Sys.setlocale("LC_TIME","German_Austria")
## [1] "German_Austria.1252"
as.yearmon(d1); as.yearmon(as.Date(d3, "%m/%d-%Y"))
## [1] "Jän 2018"
## [1] "Apr 2018"
Sys.setlocale("LC_TIME","English")
## [1] "English_United States.1252"
as.yearmon(d1); as.yearmon(as.Date(d3, "%m/%d-%Y"))
## [1] "Jan 2018"
## [1] "Apr 2018"

When your data wants you to also include information on time, then you will either need the POSIXct (which is the basic package behind all times and dates in R) or the timeDate-package. The latter one includes excellent abilities to work with financial data (see the next section). Note that talking about time also requires you to talk about timezones! We start with several examples of the POSIXct-class:

strptime("2018-01-15 13:55:23.975", "%Y-%m-%d %H:%M:%OS") # converts from character to POSIXct
## [1] "2018-01-15 13:55:23 CET"
as.POSIXct("2009-01-05 14:19:12", format="%Y-%m-%d %H:%M:%S", tz="UTC")
## [1] "2009-01-05 14:19:12 UTC"
We will mainly use the timeDate-package that provides many useful functions for financial timeseries.

An introduction to timeDate by the Rmetrics group can be found at https://www.rmetrics.org/sites/default/files/2010-02-timeDateObjects.pdf.

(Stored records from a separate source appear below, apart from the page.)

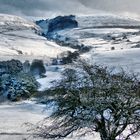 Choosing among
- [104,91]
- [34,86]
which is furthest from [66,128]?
[34,86]

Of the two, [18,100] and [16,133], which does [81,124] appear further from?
[18,100]

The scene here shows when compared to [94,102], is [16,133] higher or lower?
lower

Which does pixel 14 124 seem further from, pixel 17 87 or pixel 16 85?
pixel 16 85

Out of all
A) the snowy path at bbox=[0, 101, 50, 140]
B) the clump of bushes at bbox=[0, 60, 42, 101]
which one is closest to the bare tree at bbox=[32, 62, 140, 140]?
the snowy path at bbox=[0, 101, 50, 140]

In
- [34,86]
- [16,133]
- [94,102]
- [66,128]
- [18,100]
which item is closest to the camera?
[94,102]

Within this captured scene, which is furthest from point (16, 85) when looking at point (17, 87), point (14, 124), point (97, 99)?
point (97, 99)

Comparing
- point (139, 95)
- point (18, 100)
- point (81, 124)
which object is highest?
point (139, 95)

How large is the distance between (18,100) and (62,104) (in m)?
53.4

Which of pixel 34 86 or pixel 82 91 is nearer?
pixel 82 91

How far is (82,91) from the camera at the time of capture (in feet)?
63.7

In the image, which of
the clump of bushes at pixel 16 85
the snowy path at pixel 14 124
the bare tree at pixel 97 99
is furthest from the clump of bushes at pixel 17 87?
the bare tree at pixel 97 99

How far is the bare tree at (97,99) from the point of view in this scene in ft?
63.7

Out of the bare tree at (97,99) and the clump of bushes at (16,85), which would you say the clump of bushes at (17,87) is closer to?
the clump of bushes at (16,85)

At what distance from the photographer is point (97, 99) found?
63.4 ft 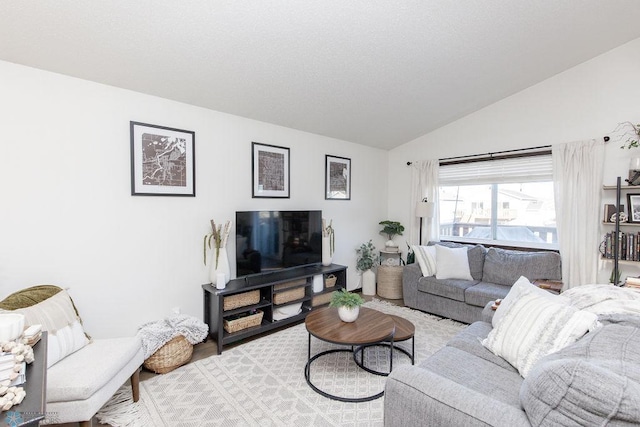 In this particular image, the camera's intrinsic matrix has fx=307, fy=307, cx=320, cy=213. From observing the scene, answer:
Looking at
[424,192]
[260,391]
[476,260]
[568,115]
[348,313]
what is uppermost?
[568,115]

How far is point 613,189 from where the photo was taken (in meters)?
3.19

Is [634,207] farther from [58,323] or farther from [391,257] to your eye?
[58,323]

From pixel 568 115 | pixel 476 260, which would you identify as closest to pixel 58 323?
pixel 476 260

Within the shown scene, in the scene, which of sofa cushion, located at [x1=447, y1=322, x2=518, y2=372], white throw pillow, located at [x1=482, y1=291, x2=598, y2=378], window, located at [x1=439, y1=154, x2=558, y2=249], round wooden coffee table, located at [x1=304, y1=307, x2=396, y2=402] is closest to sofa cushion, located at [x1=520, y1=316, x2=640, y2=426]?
white throw pillow, located at [x1=482, y1=291, x2=598, y2=378]

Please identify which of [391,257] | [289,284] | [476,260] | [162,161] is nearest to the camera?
[162,161]

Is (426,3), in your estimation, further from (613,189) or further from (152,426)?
(152,426)

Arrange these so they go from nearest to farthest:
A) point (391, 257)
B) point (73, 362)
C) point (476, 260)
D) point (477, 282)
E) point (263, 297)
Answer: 1. point (73, 362)
2. point (263, 297)
3. point (477, 282)
4. point (476, 260)
5. point (391, 257)

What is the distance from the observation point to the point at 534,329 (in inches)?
65.6

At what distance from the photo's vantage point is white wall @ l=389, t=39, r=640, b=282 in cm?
318

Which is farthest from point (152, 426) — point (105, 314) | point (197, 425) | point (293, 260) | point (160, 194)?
point (293, 260)

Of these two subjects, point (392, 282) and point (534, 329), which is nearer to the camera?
point (534, 329)

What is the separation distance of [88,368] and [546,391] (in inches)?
85.5

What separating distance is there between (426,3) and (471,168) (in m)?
2.68

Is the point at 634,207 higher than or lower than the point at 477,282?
higher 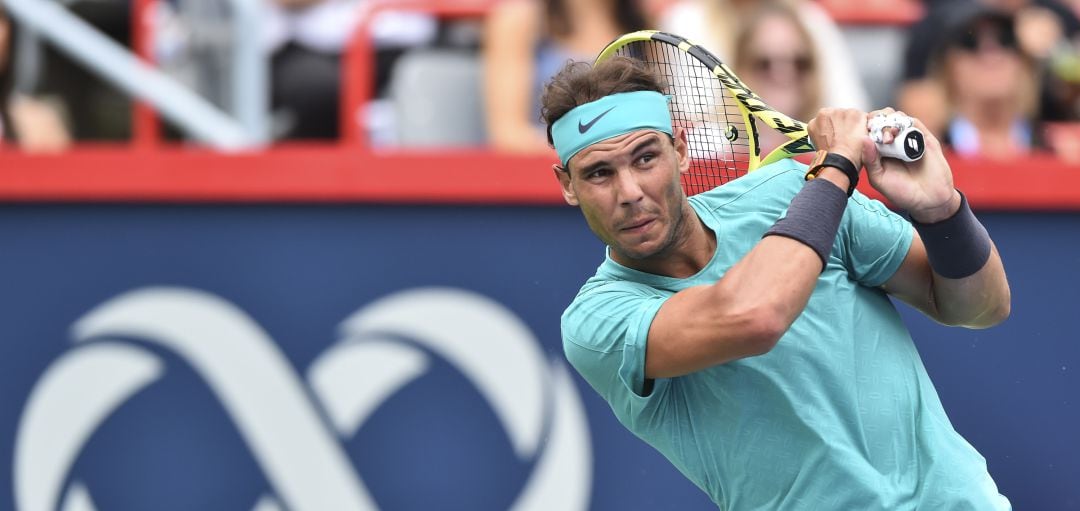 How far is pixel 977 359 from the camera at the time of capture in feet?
15.4

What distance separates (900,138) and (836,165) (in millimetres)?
133

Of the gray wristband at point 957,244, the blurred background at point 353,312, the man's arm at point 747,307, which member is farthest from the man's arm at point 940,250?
the blurred background at point 353,312

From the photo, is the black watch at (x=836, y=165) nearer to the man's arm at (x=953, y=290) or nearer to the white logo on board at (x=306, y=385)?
the man's arm at (x=953, y=290)

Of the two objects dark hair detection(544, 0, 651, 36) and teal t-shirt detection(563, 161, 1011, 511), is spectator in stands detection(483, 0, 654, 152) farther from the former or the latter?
teal t-shirt detection(563, 161, 1011, 511)

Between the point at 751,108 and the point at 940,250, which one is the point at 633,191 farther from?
the point at 940,250

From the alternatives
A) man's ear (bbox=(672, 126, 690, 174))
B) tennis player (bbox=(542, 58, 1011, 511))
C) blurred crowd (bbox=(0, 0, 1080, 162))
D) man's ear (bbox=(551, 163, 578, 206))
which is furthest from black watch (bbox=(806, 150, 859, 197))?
blurred crowd (bbox=(0, 0, 1080, 162))

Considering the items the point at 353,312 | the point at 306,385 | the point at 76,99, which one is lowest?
the point at 306,385

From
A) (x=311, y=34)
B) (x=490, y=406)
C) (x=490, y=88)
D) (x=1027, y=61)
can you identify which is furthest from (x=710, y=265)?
(x=311, y=34)

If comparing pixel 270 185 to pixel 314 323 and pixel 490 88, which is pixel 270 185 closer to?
pixel 314 323

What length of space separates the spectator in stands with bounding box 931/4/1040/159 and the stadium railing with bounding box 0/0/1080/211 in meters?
0.54

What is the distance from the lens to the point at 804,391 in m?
2.88

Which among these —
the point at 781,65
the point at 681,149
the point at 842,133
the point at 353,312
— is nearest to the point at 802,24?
the point at 781,65

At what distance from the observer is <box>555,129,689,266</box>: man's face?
291 cm

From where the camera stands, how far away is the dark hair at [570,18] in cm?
527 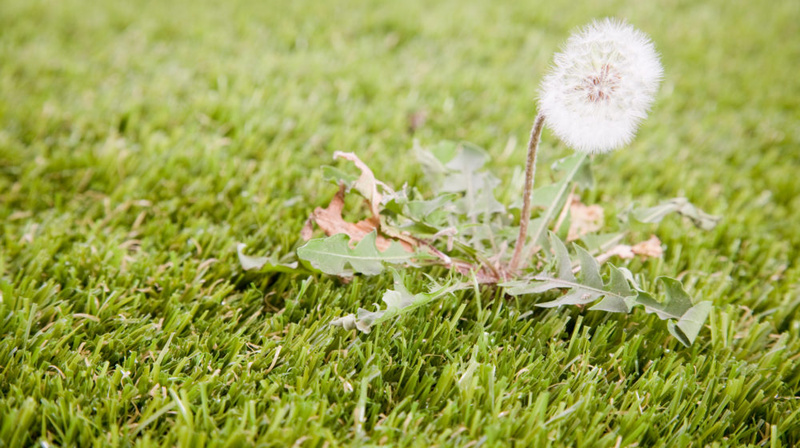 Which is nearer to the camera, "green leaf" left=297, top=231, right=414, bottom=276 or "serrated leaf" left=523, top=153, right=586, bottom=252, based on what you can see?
"green leaf" left=297, top=231, right=414, bottom=276

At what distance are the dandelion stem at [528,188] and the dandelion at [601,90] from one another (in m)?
0.04

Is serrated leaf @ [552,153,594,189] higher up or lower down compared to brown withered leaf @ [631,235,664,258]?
higher up

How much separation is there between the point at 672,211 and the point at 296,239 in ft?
4.50

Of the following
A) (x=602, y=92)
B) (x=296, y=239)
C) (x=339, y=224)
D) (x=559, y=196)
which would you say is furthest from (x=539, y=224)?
(x=296, y=239)

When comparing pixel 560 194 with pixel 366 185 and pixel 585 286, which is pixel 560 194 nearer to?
pixel 585 286

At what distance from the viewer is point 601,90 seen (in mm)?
1586

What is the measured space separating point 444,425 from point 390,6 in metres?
3.90

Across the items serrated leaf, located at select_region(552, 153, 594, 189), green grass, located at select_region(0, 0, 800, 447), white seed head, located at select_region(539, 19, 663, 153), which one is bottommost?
green grass, located at select_region(0, 0, 800, 447)

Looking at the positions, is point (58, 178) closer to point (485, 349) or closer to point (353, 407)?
point (353, 407)

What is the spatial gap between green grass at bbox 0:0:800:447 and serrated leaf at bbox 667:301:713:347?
0.10 metres

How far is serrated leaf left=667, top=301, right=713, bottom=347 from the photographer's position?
1.64m

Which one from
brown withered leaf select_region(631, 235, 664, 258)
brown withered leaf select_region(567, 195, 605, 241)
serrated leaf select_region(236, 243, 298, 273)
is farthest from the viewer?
brown withered leaf select_region(567, 195, 605, 241)

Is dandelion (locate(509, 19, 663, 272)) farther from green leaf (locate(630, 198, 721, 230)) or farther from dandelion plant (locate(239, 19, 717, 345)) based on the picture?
green leaf (locate(630, 198, 721, 230))

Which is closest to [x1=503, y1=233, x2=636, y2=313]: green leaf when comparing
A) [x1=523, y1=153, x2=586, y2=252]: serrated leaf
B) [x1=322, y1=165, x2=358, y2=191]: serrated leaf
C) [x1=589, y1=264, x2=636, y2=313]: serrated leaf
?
[x1=589, y1=264, x2=636, y2=313]: serrated leaf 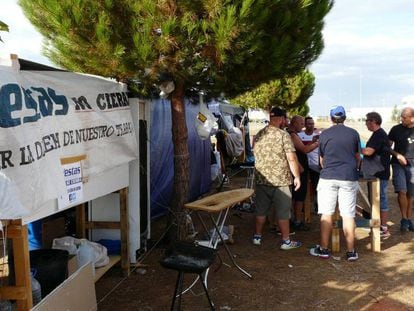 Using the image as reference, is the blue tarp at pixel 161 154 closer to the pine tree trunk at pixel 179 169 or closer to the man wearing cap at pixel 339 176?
the pine tree trunk at pixel 179 169

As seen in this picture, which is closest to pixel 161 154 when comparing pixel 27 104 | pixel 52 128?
pixel 52 128

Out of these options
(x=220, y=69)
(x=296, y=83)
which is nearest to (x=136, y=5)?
(x=220, y=69)

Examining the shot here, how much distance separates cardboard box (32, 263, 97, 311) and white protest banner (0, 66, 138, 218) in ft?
1.96

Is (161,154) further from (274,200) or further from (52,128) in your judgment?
(52,128)

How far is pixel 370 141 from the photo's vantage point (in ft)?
19.9

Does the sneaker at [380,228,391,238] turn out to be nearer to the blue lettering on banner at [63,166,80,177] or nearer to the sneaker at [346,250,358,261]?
the sneaker at [346,250,358,261]

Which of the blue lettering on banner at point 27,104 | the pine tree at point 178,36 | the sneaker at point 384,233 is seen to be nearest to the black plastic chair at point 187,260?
the blue lettering on banner at point 27,104

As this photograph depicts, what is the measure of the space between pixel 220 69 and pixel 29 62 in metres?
2.10

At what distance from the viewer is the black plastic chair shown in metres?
3.44

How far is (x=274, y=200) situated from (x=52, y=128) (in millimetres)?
3458

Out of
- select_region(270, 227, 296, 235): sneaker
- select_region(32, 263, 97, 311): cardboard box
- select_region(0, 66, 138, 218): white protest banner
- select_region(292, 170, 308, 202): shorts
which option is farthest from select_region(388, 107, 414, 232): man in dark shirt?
select_region(32, 263, 97, 311): cardboard box

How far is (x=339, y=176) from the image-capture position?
5289mm

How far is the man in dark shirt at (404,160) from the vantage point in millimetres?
6406

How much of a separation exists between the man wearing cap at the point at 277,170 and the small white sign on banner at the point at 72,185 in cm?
286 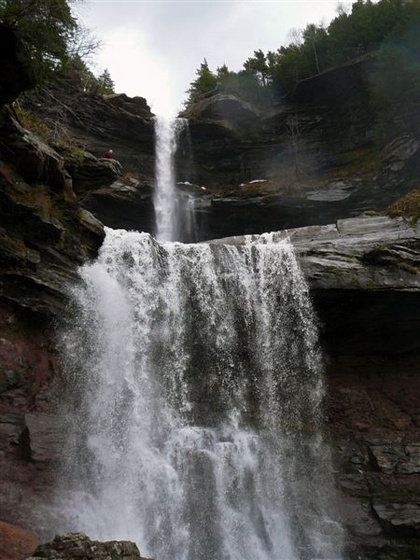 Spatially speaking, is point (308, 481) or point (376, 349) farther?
point (376, 349)

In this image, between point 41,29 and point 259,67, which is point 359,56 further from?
point 41,29

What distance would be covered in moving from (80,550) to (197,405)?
799cm

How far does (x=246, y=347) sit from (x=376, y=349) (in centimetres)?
474

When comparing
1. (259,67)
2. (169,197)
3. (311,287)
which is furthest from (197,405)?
(259,67)

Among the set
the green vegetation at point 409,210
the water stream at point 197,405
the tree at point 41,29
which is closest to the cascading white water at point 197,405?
the water stream at point 197,405

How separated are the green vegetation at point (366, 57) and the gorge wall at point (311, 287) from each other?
2.75 m

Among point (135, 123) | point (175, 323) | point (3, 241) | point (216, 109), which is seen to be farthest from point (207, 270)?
point (216, 109)

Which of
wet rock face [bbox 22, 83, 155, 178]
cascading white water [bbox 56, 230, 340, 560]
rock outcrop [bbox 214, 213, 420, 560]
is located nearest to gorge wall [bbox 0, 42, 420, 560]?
rock outcrop [bbox 214, 213, 420, 560]

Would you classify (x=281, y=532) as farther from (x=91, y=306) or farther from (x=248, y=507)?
(x=91, y=306)

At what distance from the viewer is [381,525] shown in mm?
13930

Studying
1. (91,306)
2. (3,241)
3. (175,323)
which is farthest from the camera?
(175,323)

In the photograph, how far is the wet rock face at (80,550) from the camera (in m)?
7.39

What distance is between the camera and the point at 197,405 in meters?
15.3

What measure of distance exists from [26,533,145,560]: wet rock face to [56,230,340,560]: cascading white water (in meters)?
3.81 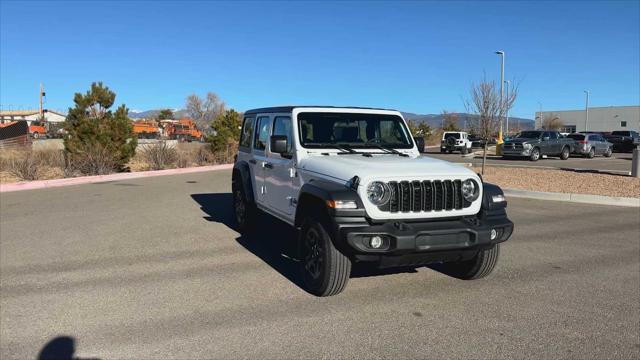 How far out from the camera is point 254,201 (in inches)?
274

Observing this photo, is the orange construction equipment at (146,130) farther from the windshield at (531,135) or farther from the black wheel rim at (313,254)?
the black wheel rim at (313,254)

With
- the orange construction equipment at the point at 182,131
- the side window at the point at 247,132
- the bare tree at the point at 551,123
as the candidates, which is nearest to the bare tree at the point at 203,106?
the orange construction equipment at the point at 182,131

Dates <- c("1989-09-28","2001-01-15","2004-08-30","1990-02-09")
Times <- c( "23:12:55", "10:34:02", "08:30:00", "11:18:23")
DatesTimes <- paste(Dates, Times)
as.Date(DatesTimes)
## [1] "1989-09-28" "2001-01-15" "2004-08-30" "1990-02-09"
as.timeDate(DatesTimes)
## GMT
## [1] [1989-09-28 23:12:55] [2001-01-15 10:34:02] [2004-08-30 08:30:00]
## [4] [1990-02-09 11:18:23]

You see, that the timeDate comes along with timezone information (GMT) that is set to your computers locale. timeDate allows you to specify the timezone of origin zone as well as the timezone to transfer data to FinCenter:

timeDate(DatesTimes, zone = "Tokyo", FinCenter = "Zurich")
## Zurich
## [1] [1989-09-28 15:12:55] [2001-01-15 02:34:02] [2004-08-30 01:30:00]
## [4] [1990-02-09 03:18:23]
timeDate(DatesTimes, zone = "Tokyo", FinCenter = "NewYork")
## NewYork
## [1] [1989-09-28 10:12:55] [2001-01-14 20:34:02] [2004-08-29 19:30:00]
## [4] [1990-02-08 21:18:23]
timeDate(DatesTimes, zone = "NewYork", FinCenter = "Tokyo")
## Tokyo
## [1] [1989-09-29 12:12:55] [2001-01-16 00:34:02] [2004-08-30 21:30:00]
## [4] [1990-02-10 01:18:23]
listFinCenter("Europe/Vi*") # get a list of all financial centers available in ...
## [1] "Europe/Vaduz"     "Europe/Vatican"   "Europe/Vienna"   
## [4] "Europe/Vilnius"   "Europe/Volgograd"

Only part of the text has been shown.